Originally posted by jcabeleira:
i think it’s about time to ARB create it’s ownd rectangle texture extension
It’s here since some months ago. Do someone heard of ARB_non_power_of_two? It’s simply much better than NV/EXT_rect
Originally posted by jcabeleira:
using different extension for each card (nvidia, ati) to work with such a basic thing like rectangle textures is just ridiculous.

It’s not card-specific. I’ve seen an ATi card displaying support for NV_rect and EXT_rect (which are the same extension anyway). Some time ago this was discussed on beginner’s forum, you should check out that thread.

EDIT: broken UBB tags. Fixed.

[This message has been edited by Obli (edited 02-18-2004).]

Hi,
The ARB_non_power_of_two is indeed much better, if you have drivers to support it. I asked the question on the drivers in the begginers’ forum, but got no answer. Maybe the new ForceWare 55.xx do support it?

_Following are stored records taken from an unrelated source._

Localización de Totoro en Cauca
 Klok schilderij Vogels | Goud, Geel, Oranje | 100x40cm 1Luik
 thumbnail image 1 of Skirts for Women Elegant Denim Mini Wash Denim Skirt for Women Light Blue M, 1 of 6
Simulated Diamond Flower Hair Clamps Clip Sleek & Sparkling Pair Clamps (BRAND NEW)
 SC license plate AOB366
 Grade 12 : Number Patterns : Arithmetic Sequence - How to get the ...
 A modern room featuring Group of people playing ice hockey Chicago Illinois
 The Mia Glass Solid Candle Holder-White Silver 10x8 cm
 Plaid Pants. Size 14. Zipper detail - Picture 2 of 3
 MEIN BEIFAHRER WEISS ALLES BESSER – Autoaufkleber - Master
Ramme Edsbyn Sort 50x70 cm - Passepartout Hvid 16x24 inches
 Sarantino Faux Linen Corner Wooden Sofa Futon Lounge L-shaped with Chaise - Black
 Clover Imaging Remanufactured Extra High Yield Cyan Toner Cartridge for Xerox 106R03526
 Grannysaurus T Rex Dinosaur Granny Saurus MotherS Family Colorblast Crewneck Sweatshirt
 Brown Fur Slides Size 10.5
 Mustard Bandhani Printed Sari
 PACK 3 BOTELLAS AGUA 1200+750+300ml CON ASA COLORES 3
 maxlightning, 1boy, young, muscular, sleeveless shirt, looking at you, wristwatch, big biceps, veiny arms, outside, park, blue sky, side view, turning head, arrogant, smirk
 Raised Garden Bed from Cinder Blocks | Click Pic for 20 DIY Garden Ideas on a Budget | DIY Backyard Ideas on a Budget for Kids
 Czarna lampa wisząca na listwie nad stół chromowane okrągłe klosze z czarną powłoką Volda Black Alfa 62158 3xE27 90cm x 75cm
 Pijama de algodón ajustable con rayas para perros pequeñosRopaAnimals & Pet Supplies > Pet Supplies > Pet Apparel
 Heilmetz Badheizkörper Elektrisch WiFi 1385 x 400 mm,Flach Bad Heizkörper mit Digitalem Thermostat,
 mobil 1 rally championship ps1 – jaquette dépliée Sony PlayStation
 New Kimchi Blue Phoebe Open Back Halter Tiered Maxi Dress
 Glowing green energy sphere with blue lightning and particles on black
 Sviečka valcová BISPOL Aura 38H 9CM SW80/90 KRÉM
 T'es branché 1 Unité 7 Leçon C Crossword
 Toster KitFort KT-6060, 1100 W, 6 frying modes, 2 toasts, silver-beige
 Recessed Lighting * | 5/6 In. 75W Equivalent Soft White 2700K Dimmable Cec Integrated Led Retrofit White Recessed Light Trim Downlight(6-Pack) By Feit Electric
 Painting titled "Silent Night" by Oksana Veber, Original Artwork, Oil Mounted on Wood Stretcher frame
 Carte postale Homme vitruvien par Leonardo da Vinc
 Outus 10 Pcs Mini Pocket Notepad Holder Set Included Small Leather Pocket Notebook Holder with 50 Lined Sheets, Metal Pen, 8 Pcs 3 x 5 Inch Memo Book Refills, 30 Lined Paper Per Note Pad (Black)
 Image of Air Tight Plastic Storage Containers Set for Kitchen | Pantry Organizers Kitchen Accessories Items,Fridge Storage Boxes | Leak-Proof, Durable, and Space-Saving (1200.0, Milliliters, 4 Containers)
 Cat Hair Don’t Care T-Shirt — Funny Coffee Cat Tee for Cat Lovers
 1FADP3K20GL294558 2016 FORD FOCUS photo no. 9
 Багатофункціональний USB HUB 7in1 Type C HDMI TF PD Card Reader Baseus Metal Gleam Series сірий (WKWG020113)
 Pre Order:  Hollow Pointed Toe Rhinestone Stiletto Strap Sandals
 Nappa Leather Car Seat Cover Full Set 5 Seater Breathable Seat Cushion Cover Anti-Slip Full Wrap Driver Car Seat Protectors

Just saw a report on Delphi3D, with a Quadro1000 with 56.54 drivers, and it doens’t seem to support ARB_npotd…
But they claim OpenGL 1.5, and AFAIK 1.5 should have the ARB_npotd!

[This message has been edited by Tzupy (edited 02-19-2004).]

I doubt the ARB non power of two extension is supported on any curently shipping hardware (maybe some workstation cards, but I doubt it).

does anyone know for sure if there’s already any hardware supporting the ARB non power of two extension? or is this just a driver issue?

But they claim OpenGL 1.5, and AFAIK 1.5 should have the ARB_npotd!

No, the non-power-of-two extension is not a part of 1.5 core. There’s a good reason for this; they actually want people to have 1.5 implementations.

No modern consumer hardware can handle npot textures, in the way that the ARB_npotd extension wants them to, that is. This may change with later hardware (R420, or NV40), but for the time being, all we have are the texture_rectangle extensions.